We’ve all heard about the importance of data quality in our IT systems and how the data that flows through our applications is the fuel of the business processes. Yet, surprisingly few organizations have a structured approach to measuring the quality of their data. Some may have a few custom reports or manually compiled Excel sheets that show a few aspects of data quality, but if information is truly an enterprise asset, shouldn’t we be measuring and monitoring it like we do with all the other assets of the organization? Like most other things, data quality can only be managed properly if it is measured and monitored.The main reasons for implementing a data quality monitoring concept are to ensure that you identify:
- Trends in data quality,
- Data quality issues before they impact critical business processes and
- Areas where process improvements are needed.
- A structured and methodological approach to measuring and monitoring the quality of data should be part of a larger master data management or information management strategy.

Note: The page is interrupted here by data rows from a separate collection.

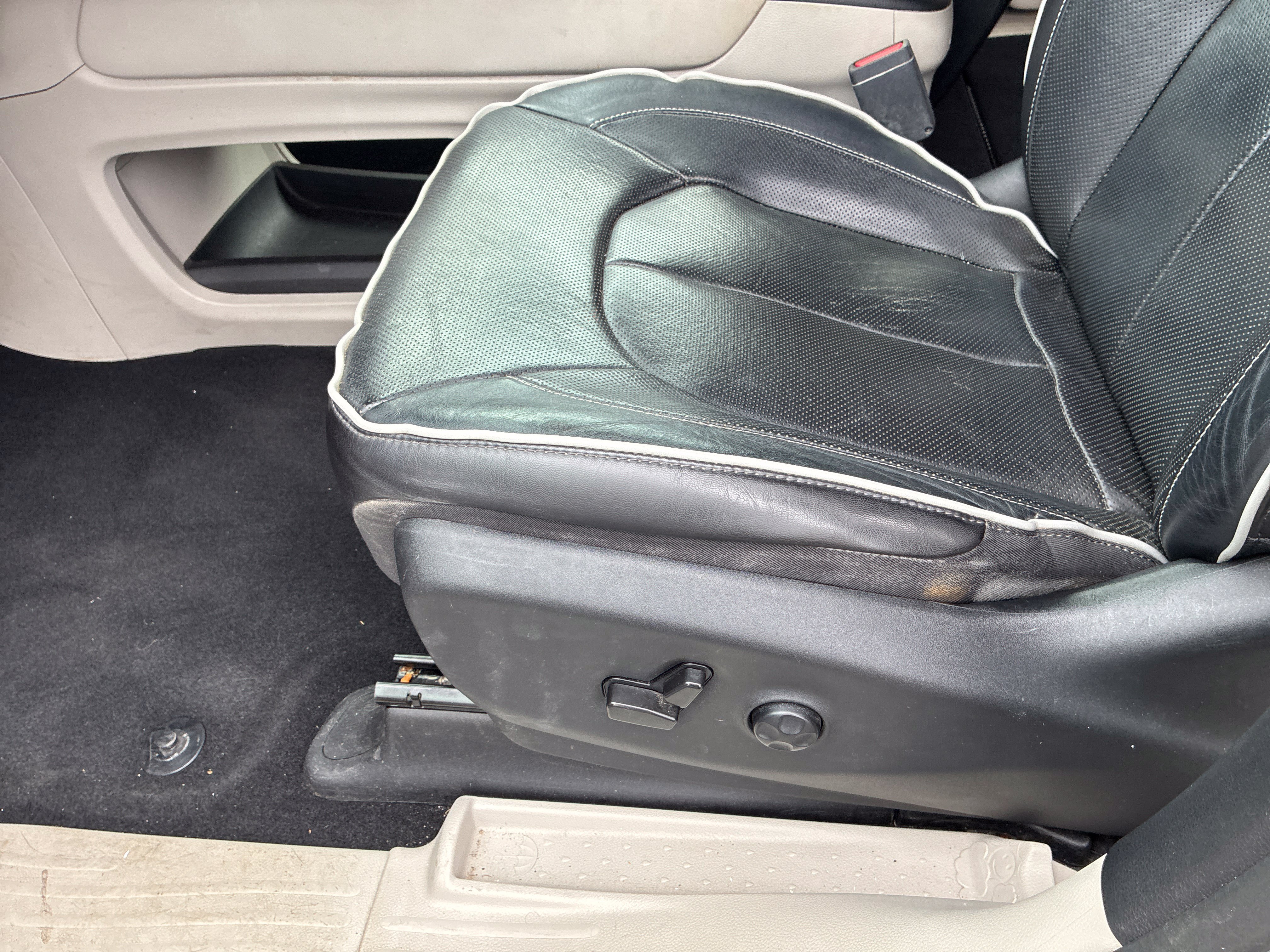 Used 2022 Chrysler Pacifica Limited FWD image 14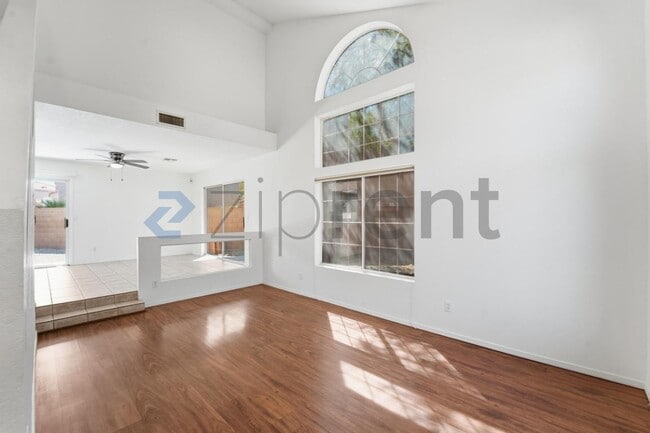 Building Photo - 17606 N 17th Pl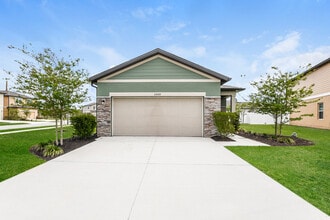 Building Photo - 2704 Island Walk Dr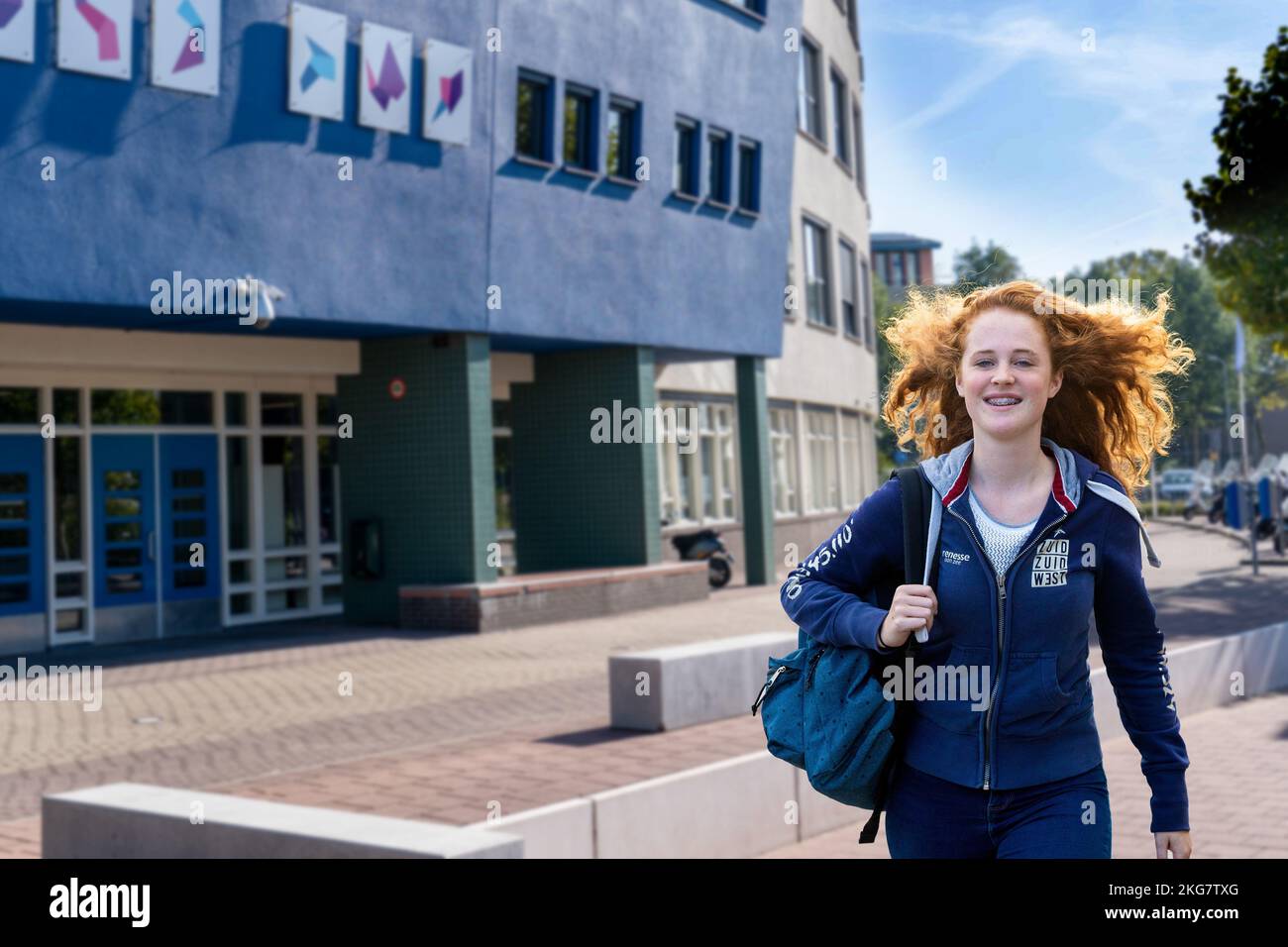 Schüler der Sekundarstufe, die auf dem Schulplatz spazieren geht. Holland.vvbvanbree Fotografie. Stockfoto
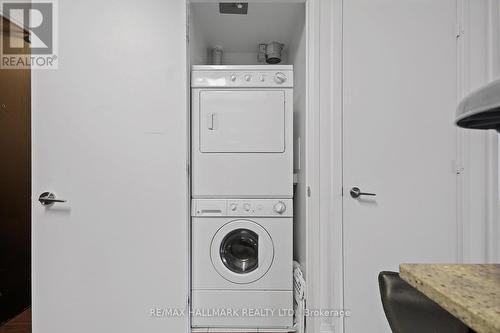 625 - 25 Cole Street, Toronto (Regent Park), ON - Indoor Photo Showing Laundry Room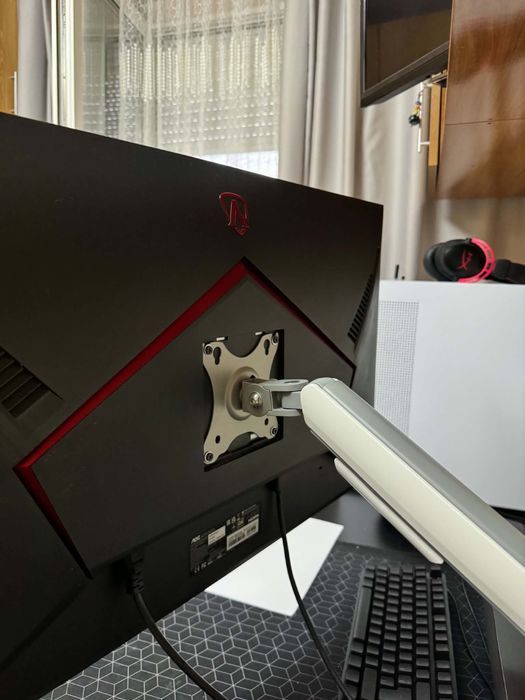 Monitor Aoc agon 32 240 hz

The Dimensions of Data Quality
Looking at the offerings of many data profiling and data quality tool vendors, one could be led to think that data quality is just about checking if all fields have a value and if it’s valid compared to the domain that is defined for that specific field. While these are certainly relevant aspects of data quality, they only represent two out of the six common dimensions of data quality.When defining a data quality measuring concept, you should aim to focus on the dimensions that are meaningful and relevant for the business without spending too many resources, i.e., you need to justify the business relevance of what you measure. On the other hand, measuring all the different dimensions of data quality gives you the most complete picture. For instance, what is it worth to have a valid address for a customer if it is not correct because the customer has moved?A challenge that organizations face as they attempt to define data quality key performance indicators is that completeness, validity and integrity may be relatively easy to measure, but measuring consistency, accuracy and timeliness is a whole other story. In general, we would argue that the relationship illustrated in Figure 2 exists between the difficulty of measurement and the business impact.Because accuracy, timeliness and consistency are the more complex dimensions to measure, here are a few hints on how to address them.
The options to check accuracy are either manual sampling or verification against a trusted external source. For name and address data, there are several external sources available such as D&B (Dun & Bradstreet). Another common form of external data verification is bank account verification that is offered by several companies. This is a good way to ensure data as critical as bank account information from a vendor is correct before you make any payments.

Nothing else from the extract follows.